Among the lines below, take the one holding "Sunlight beaming through", the one holding "Un pitón Un pitón - Sputnik Mundo", and all lines between them. Set them down exactly.

- **Material for this exercise**:
►

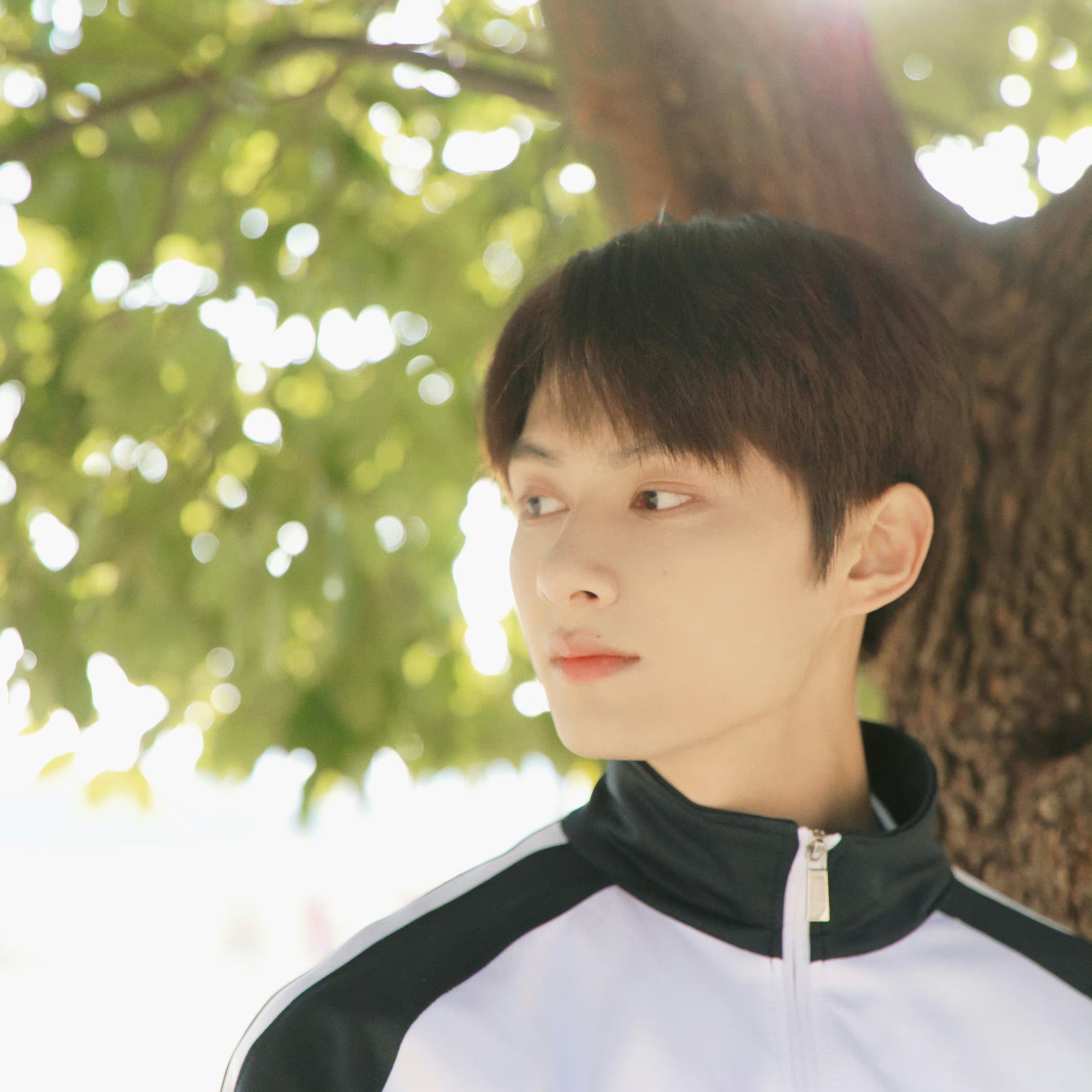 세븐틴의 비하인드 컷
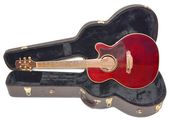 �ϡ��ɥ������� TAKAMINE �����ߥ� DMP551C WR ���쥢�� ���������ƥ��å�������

◄
►

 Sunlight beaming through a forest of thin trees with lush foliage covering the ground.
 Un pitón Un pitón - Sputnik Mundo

◄

- **Result of the exercise**:
 Sunlight beaming through a forest of thin trees with lush foliage covering the ground.
 Un pitón Un pitón - Sputnik Mundo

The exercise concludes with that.